WARREN BUFFETT: I agree with that. (Applause)
WARREN BUFFETT: Number 5.
AUDIENCE MEMBER: My name is Robert McArthur (PH) from Boston, Massachusetts.
I'm starting a career in investing, and many, if not most, investors my age think they're value investors.
Also, there's a record number of people here to see you this year, and the same value investors who were laughed at three years ago are now celebrated by the financial press.
Will there be fewer metaphorical $100 bills left on the street going forward, and if so, should I look for a career in managing a business instead of managing money?
WARREN BUFFETT: There will probably be fewer, but I would say there will always be — except in the most bubbly of markets, perhaps — but there will always be opportunities if you're not working with large amounts of money.
The money manager — there's a basic conflict. There's conflicts in most businesses. Everybody's pointing out the conflicts now in the investment banking business.
But the investment management business has a conflict that's equally as significant in the fact that asset gathering can become a way more important part of your income than asset managing.
But if you manage moderate sums of money, I think there will always be opportunities to overperform. That doesn't mean lots of people are going to do it, but they will be out there.
And, you know, it might have been easier many years ago when there were fewer people looking and not as much information was available on the internet and all that.
But people still make the same mistakes and they still get — well, I'll give you an illustration.
Charlie has a company called the Daily Journal Company. And the Daily Journal Company has a bunch of cash.

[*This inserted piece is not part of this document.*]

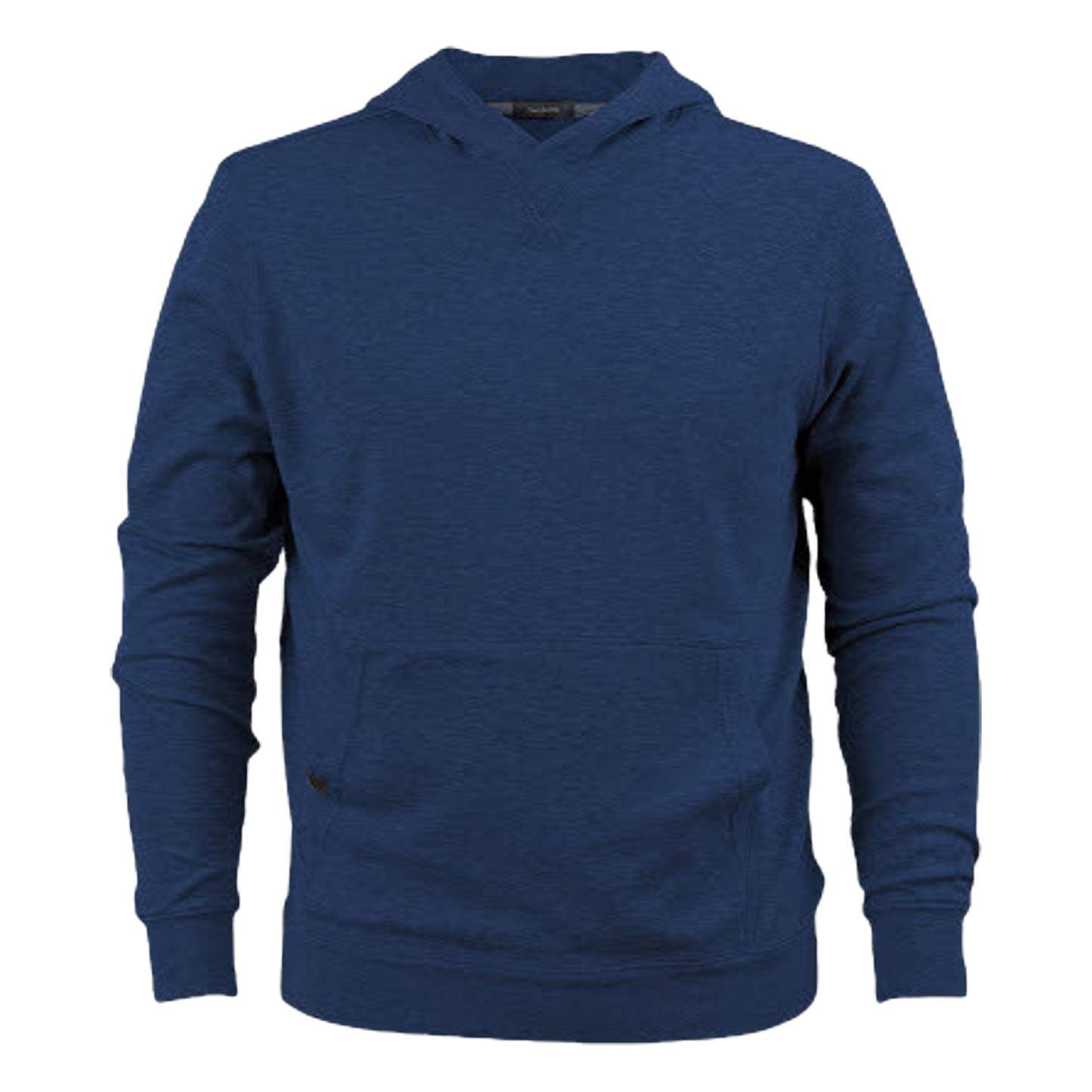 MF23K19.Navy:Medium.TCP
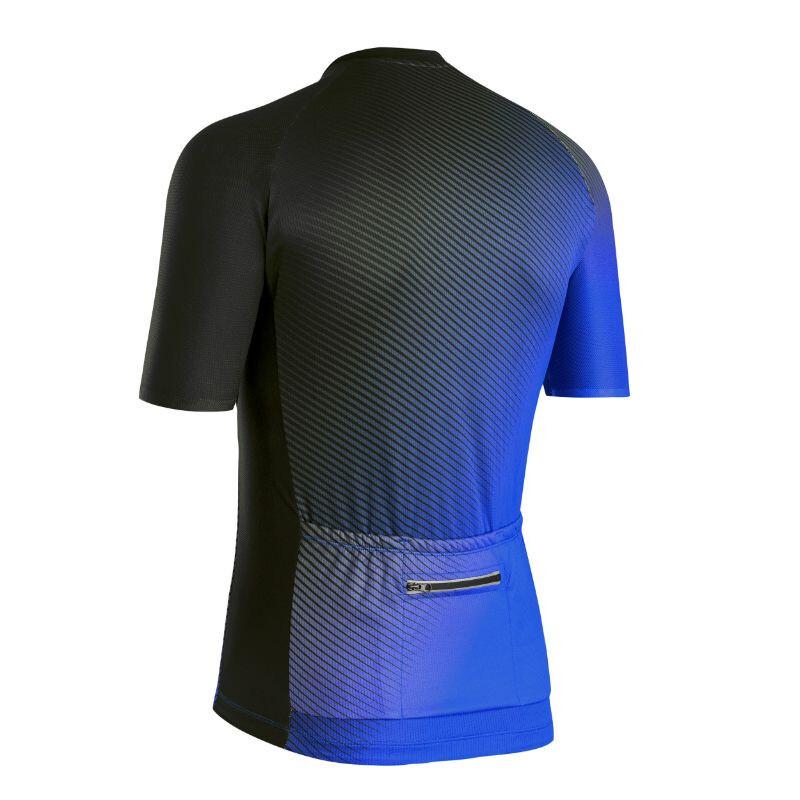 product/g/i/gist_208279_bleu_2.jpg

And it sat there with cash, and it sat there with cash, and I own 100 shares — which is all he'll let me own — and I got their annual report here a while back.
And in their fiscal year of 2009, they never bought stocks before that I'd seen, and all of a sudden they'd bought $15 million worth of stocks and they were worth 45 million.
So by sitting around for a while, but waiting until things got really ridiculous in certain cases, he put $15 million out that became 45 million within, probably, a six month period or so.
So opportunities come around. You have to be prepared to grab them when they come. And you can't do it with the kind of money — I mean, you can’t get the extraordinary things with the kind of money that we're running.
With moderate amounts of money, I think there will always be opportunities. Charlie's going to tell you something more pessimistic now, probably. (Laughter)
CHARLIE MUNGER: Yes. One piece of advice that Warren frequently gives — and it's particularly useful to those going into money management — take the high road. It's far less crowded. (Laughter and applause)
WARREN BUFFETT: Alan Simpson used to say, he said, "Those who take the high road in Washington are seldom bothered by heavy traffic." (Laughter)
But getting to the last part of your question, there's going to be opportunities for talent, whether it's in money management, operating management, whatever. It's going to work.
Money management, you know, is easier to scale up and easier to get into and all of that. So it was certainly my natural inclination, in any event.
I would not have wanted to work my way up to plant superintendent and all of that — (laughs) — until I got a job at the top, you know, about the time they were going to give me a gold watch.
But there's opportunities in both places.
WARREN BUFFETT: Carol?
CAROL LOOMIS: This question is about municipal bonds. Municipal bond defaults, on the scale you described in the 2008 letter, have so far not materialized.
To what extent will we see municipalities default outright in the next five to 10 years? Will the bond insurance companies be able to swallow the losses? Will there be federal bailouts of states?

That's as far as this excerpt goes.